Just reading back through the posts, I saw this one (above).
If you can get away from the breadboard approach, it would be good. You don't need printed circuit boards. I find breadboards generate more problems than anything else, usually because of poor connections.
This is a simple and extremely reliable ciircuit and it shouldn't be causing so much grief.

You turn the chip so its legs are facing upwards. (this construction method is called "dead bug construction" for this reason).
Any legs that are to be grounded are bent downwards and soldered to the PC board. Also any capacitors etc that need to be grounded are soldered in.
Power leads etc are attached to tag strips and not directly to the IC. (I use header pins cut to shape as tag strips).
This way, you can lay out a circuit as it is in a diagram and quickly see if something is wrong. It is very safe and the IC is in no danger of being pulled apart. And you can easily change a component value if you want to.
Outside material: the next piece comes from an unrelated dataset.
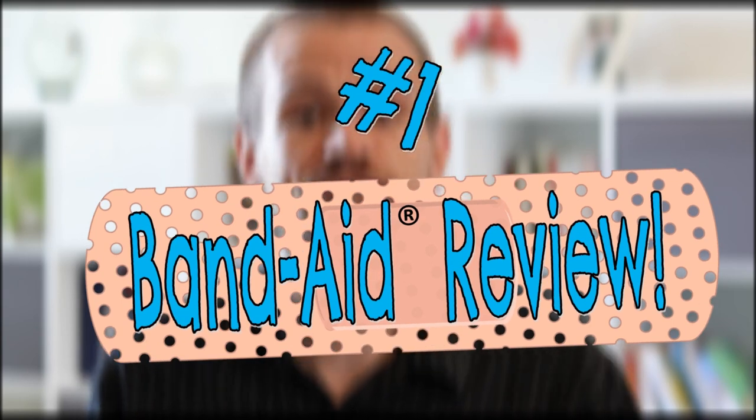Number one: Band-Aid Review. Tell the kids you're giving them a checkup to see how well they listened during the lesson. Just write words related to the lesson on Band-Aids and have them take turns flipping them over and sharing what they've learned about the word or person on the other side of that Band-Aid.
What does the writing on the 555 chip actually say? Could you read it please?

.
 
  • #74
vk6kro said:
What does the writing on the 555 chip actually say? Could you read it please?

LM393? :smile:
 
  • #75
LM393...Where did you get that?
 
  • #76
It's a joke. The 393 is also a common 8-pin PDIP part.
 
  • #77
What does the writing on the 555 chip actually say? Could you read it please?
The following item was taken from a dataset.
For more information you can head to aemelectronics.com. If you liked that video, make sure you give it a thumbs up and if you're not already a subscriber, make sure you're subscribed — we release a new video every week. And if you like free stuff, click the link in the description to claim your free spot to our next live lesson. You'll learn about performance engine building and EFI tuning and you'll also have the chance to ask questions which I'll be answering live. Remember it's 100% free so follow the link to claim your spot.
http://www.radioshack.com/product/index.jsp?productId=2062596

Would you guys consider Radio Shack to be a distributor of quality merchandise of this sort?

One last silly question: Is that electrolytic cap connected with (-) lead to ground?

Yes.

This is a simple and extremely reliable circuit and it shouldn't be causing so much grief.

:cry:

At this point, all I there really is to blame is the breadboard, I completely agree.

During the past 3 or 4 days I have been posting here, has anyone been able to replicate my exact circuit?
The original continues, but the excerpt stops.